Losing some of their Magnificence 

The bar chart shows the stock results of the Magnificent Seven companies year-to-date through March 31, 2025. The results for the seven companies are, as follows: Meta, down 1.5%; Microsoft, down 10.8%; Apple, down 11.2%; Amazon, down 13.3%, Alphabet, down 18.2%; NVIDIA, down 19.3% and Tesla, down 35.8%.

Source: Bloomberg. 

The selloff has not been lost on some passive ETF investors who may hold specialty index tracking investments in the Mag 7. More broadly, the group’s losses have also handicapped the Nasdaq, S&P 500 and MSCI All Country World Index — three major indices that have large exposures to the seven companies. 


Market declines do, as investors should know, reverse themselves over time, and some investors who may have opted for active ETFs amid this year’s early volatility may well return. Though this may take some of the steam out of the current upswing in adoption of active ETFs, other factors also appear to be tilting the scales in their favour.


Active is in for younger generations


One factor is the growing affinity for active ETFs among younger generations of investors, according to a recent, U.S.-based survey by the global Capital Group organization. In the survey, which was conducted between December 2024 and January 2025, nearly half of Gen Z, millennial and Gen X investors polled (45%) said they would be more likely to choose a financial professional who includes active ETFs in their investment approach. In fact, younger investors with US$100,000 to US$1 million in investable assets reported both awareness and a growing appetite for active ETFs.


Another factor is the increasing number of advisors and firms who are replacing traditional mutual funds with ETFs in model portfolios. According to Broadridge Financial Solutions, ETFs accounted for 51% of underlying assets in model portfolios in the U.S. at the end of last year, up from 46.7% in early 2022. Broadridge, a U.S.-based fintech company, puts the size of the U.S. model portfolio market at US$5.1 trillion. 

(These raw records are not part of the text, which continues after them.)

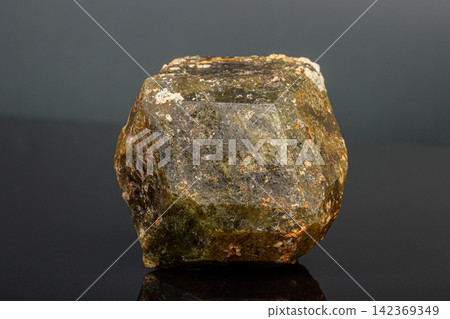 macro mineral stone Andradite on a black background macro mineral stone Andradite on a black background 142369349
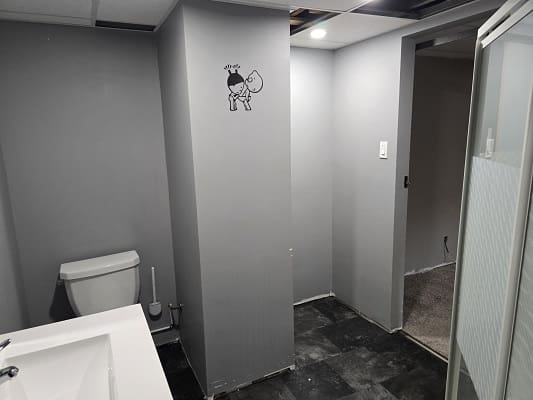 Modern bathroom with toilet and sink.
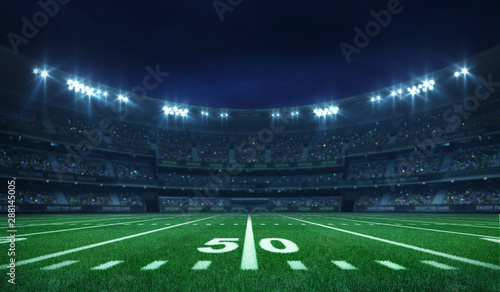 Fotografia American football league stadium with white lines and fans, illuminated field si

Model portfolios are standardized, pre-built investment portfolios that advisors can use to invest client money. They are optimized to conform to an investor’s goals, risk tolerance and investment time horizon, generally containing four to 20 underlying ETFs to create a diversified mix of holdings at the core of the portfolio.


Taking these two factors into account, it may be safe to say that industry trends point toward a bright future for active ETFs, at least for the near term. 


“Although passive burst out of the ETF starting gate well ahead of active, the long race is revealing a quickly lessening gap,” says Wen.